香川県綾歌郡綾川町滝宮にある高松琴平電気鉄道の滝宮駅が「真っ黄色」に生まれ変わった。建築から100年を迎えた古い駅舎に大胆な塗装を施したのは、綾歌郡ライオンズクラブ会長の村山好治さん(74)ら地元有志。有名映画にあやかって「しあわせの黄色い駅舎」の看板を掲げ、早くも観光客らの目に留まっている。



 琴平線の同駅は1926(大正15)年に開業し、急勾配の屋根を持つ木造建築(床面積約80平方メートル)。古くは木目調で、2003年に琴電が白色や薄い水色、ピンク色のパステルカラーに塗り替えたが、最近は老朽化が目立っていた。
 リフォーム会社を経営していた村山さんは、地域貢献活動の一環として琴電に塗り替えを申し入れ、賛同した複数の町民らと出資して外観を塗装。屋根部分は専門業者が日光に映えるレモンイエロー色、外壁部分は村山さんらが自らの手で屋根より濃い黄色に塗り、4月30日までの約1カ月半をかけて完成させた。

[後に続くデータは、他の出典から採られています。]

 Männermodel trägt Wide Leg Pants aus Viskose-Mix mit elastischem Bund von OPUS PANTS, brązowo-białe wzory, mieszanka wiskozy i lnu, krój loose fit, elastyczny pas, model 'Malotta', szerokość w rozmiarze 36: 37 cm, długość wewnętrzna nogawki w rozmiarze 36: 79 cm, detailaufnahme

 意外性抜群の黄色い駅舎は、高倉健さん主演の映画「幸福(しあわせ)の黄色いハンカチ」(1977年)が由来の一つ。既に交流サイト(SNS)でも反応が表れ、近くの滝宮天満宮を訪れた観光客らが立ち寄り、記念撮影する姿も見られる。
 1日は関係者のテープカットで完成を祝い、村山さんは「真っ黄色の駅は全国にもないと思う。100年記念の取り組みでもあり、この駅をきっかけに新しいにぎわいが地元に生まれてくれれば」と話した。